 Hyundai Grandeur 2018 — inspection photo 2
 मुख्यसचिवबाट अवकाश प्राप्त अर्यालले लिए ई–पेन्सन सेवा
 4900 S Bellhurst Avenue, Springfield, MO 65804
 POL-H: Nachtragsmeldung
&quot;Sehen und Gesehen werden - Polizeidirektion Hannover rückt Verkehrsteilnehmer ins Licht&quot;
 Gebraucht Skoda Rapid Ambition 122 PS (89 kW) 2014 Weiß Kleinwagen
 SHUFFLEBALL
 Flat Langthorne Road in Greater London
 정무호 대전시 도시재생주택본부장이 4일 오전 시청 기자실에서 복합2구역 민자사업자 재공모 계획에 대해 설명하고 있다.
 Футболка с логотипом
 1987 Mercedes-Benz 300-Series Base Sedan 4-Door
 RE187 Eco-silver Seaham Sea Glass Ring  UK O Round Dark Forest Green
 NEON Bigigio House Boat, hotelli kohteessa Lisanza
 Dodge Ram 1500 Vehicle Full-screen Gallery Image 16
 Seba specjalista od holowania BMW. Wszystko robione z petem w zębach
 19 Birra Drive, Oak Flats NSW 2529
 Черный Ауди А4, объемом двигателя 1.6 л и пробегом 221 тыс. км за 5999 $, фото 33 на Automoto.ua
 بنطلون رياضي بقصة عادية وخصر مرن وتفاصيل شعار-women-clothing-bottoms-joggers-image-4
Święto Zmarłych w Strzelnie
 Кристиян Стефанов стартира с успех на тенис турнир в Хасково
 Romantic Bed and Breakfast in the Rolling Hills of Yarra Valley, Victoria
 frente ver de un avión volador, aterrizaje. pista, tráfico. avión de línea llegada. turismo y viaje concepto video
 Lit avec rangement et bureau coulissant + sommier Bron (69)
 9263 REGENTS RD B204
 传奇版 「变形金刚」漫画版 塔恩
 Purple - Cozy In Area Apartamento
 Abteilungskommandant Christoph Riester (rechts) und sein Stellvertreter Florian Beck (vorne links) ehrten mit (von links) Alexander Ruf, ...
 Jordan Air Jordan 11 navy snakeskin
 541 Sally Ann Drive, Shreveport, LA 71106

:::

In the material above, locate the line containing "Gebraucht Skoda Rapid" and the line containing "19 Birra Drive, Oak Flats NSW 2529". Transcribe exactly those two lines and every line between them, and nothing more.

__Answer to this task__:
 Gebraucht Skoda Rapid Ambition 122 PS (89 kW) 2014 Weiß Kleinwagen
 SHUFFLEBALL
 Flat Langthorne Road in Greater London
 정무호 대전시 도시재생주택본부장이 4일 오전 시청 기자실에서 복합2구역 민자사업자 재공모 계획에 대해 설명하고 있다.
 Футболка с логотипом
 1987 Mercedes-Benz 300-Series Base Sedan 4-Door
 RE187 Eco-silver Seaham Sea Glass Ring  UK O Round Dark Forest Green
 NEON Bigigio House Boat, hotelli kohteessa Lisanza
 Dodge Ram 1500 Vehicle Full-screen Gallery Image 16
 Seba specjalista od holowania BMW. Wszystko robione z petem w zębach
 19 Birra Drive, Oak Flats NSW 2529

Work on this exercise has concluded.